Among the entries that follow, locate the line with "And I can put" and the line with "This concludes our". Output those lines and all lines in between, exactly, minus the pictures.

● ● ● ● ●

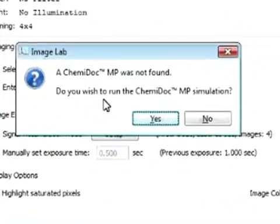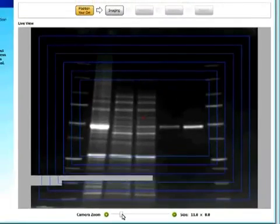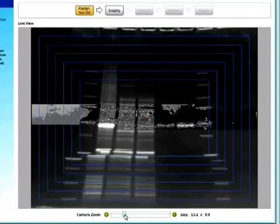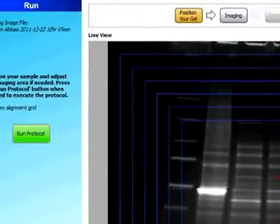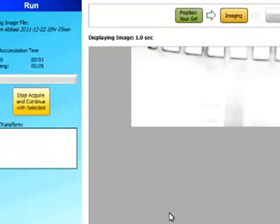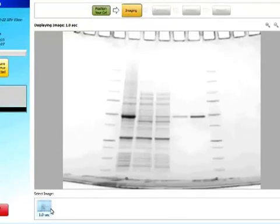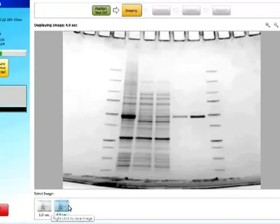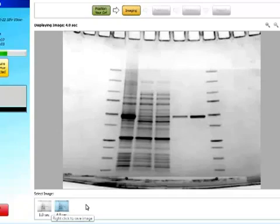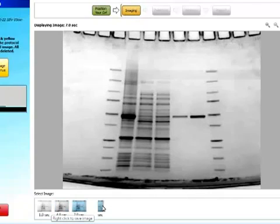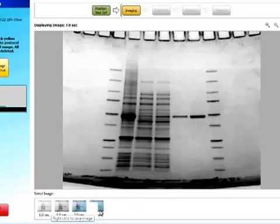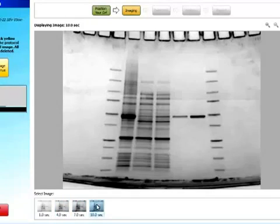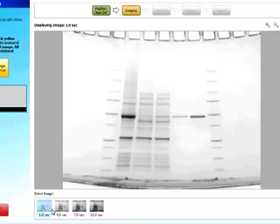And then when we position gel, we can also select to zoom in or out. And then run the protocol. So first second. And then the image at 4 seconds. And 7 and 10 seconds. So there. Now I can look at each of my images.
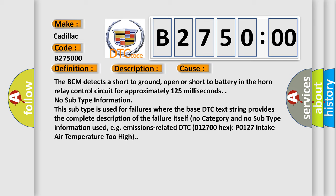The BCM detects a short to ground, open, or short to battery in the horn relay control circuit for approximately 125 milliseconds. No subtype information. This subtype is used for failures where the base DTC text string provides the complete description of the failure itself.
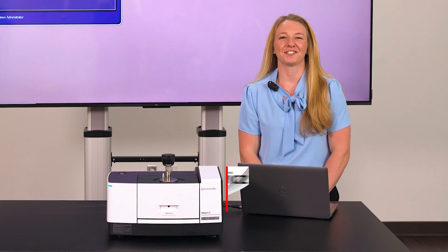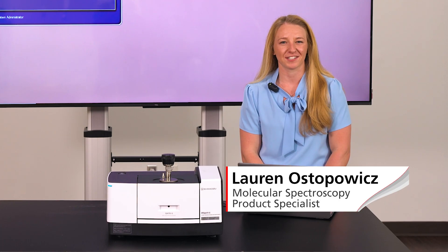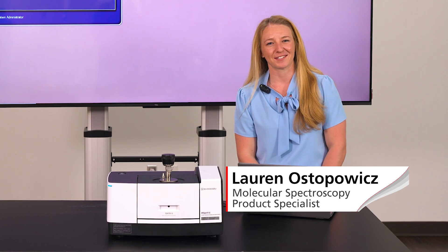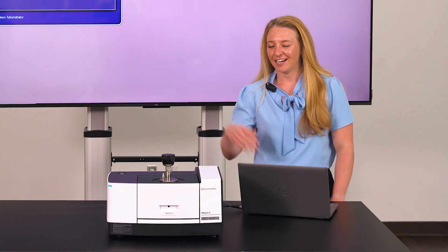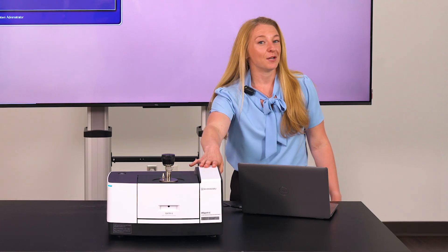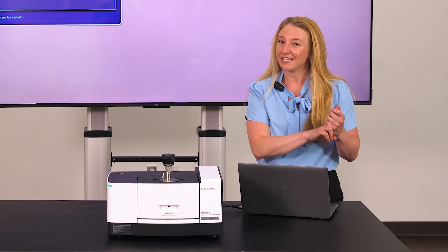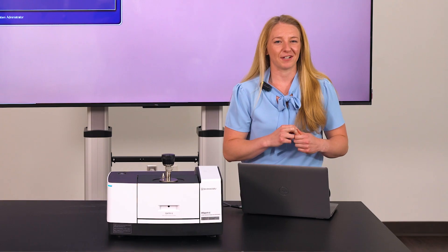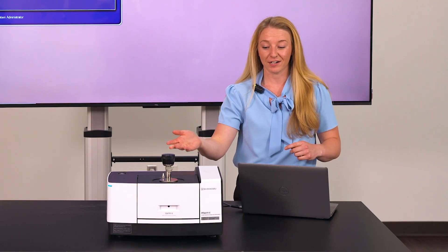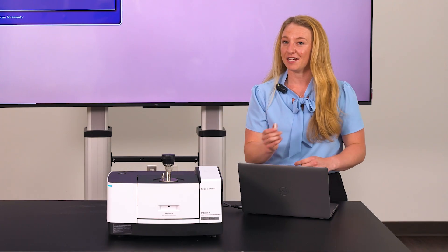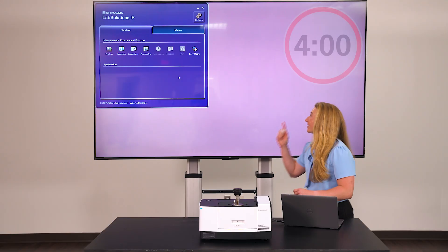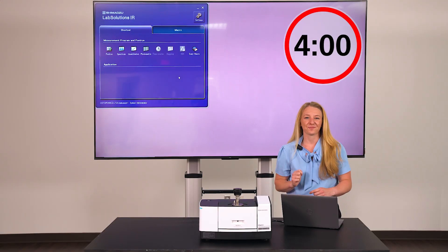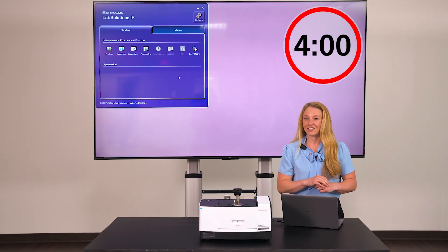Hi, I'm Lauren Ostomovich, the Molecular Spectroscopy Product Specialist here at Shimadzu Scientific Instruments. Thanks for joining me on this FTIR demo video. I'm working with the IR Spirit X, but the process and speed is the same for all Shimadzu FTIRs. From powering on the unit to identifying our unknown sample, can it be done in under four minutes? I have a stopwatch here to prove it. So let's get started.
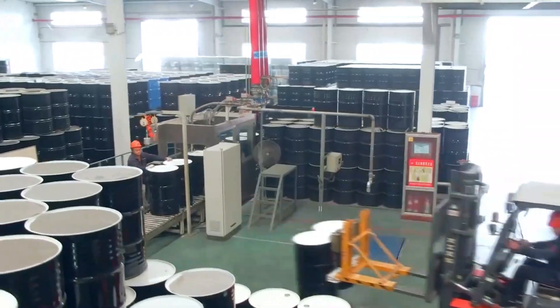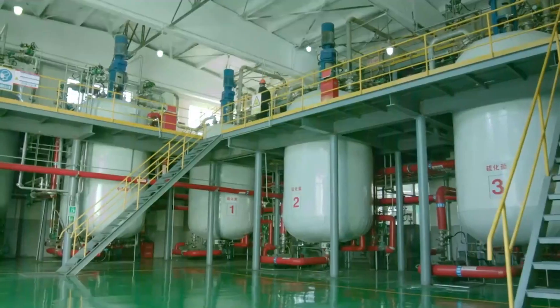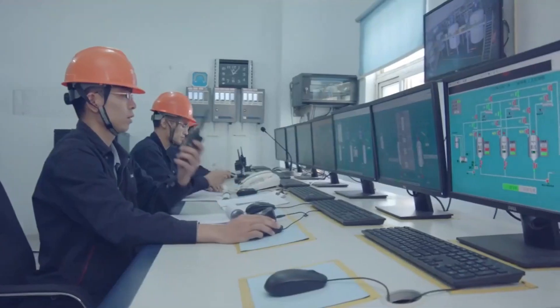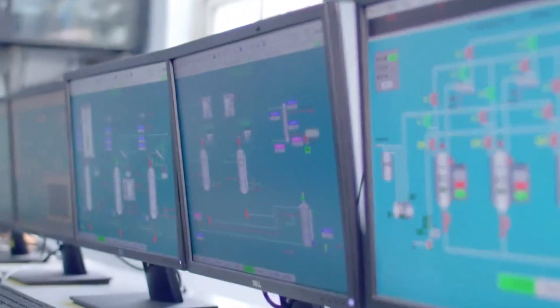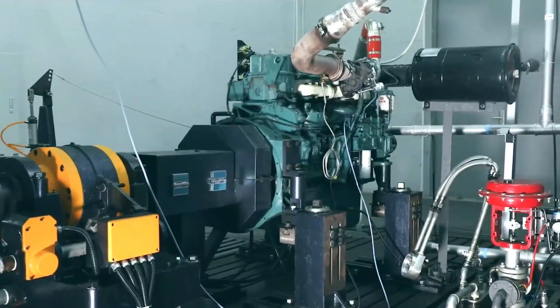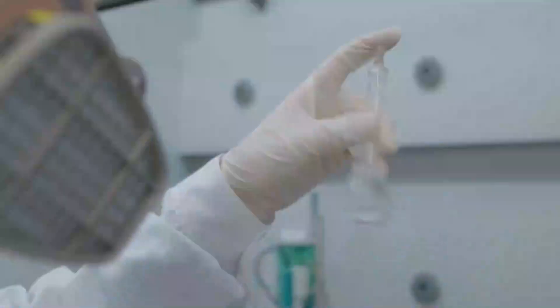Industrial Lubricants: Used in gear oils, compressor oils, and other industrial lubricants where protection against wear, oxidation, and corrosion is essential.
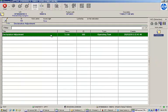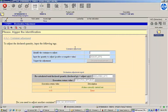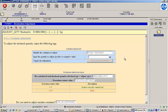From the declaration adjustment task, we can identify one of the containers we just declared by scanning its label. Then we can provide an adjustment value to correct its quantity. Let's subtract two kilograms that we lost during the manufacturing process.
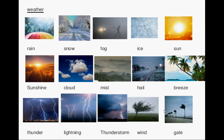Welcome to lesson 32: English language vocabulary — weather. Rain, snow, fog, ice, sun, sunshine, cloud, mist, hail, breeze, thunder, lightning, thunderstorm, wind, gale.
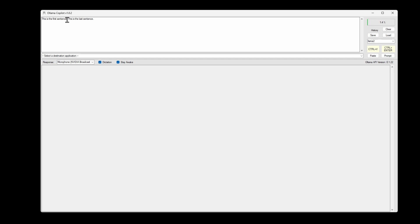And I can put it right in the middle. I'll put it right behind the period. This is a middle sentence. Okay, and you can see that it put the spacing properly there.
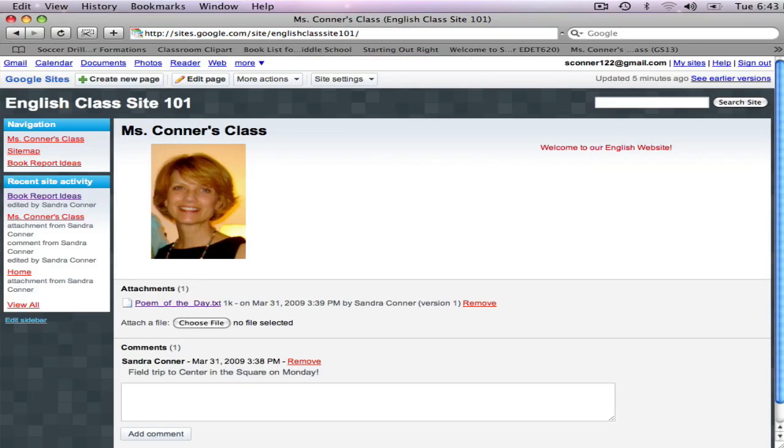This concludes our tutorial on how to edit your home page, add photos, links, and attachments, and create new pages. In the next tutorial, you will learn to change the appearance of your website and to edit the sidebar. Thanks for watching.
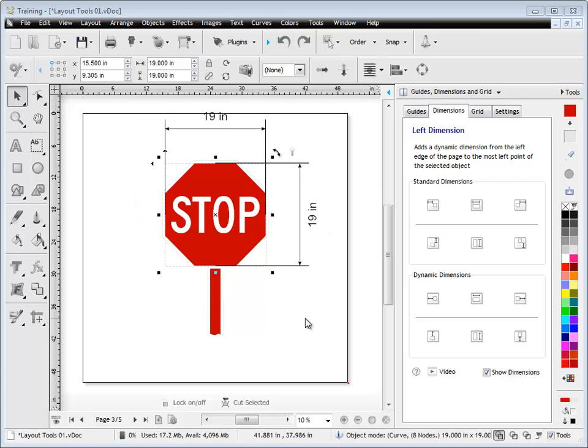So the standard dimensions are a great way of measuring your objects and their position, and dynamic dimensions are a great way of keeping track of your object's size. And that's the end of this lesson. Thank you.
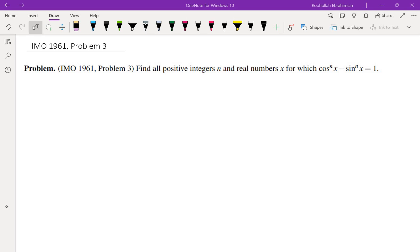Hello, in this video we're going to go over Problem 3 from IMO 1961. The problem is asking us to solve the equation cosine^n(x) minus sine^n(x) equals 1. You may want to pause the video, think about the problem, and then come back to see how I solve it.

● ● ● ● ●

SOLUTION FOR THIS EXERCISE:
And I can put it right in the middle. I'll put it right behind the period. This is a middle sentence. Okay, and you can see that it put the spacing properly there.
This concludes our tutorial on how to edit your home page, add photos, links, and attachments, and create new pages. In the next tutorial, you will learn to change the appearance of your website and to edit the sidebar. Thanks for watching.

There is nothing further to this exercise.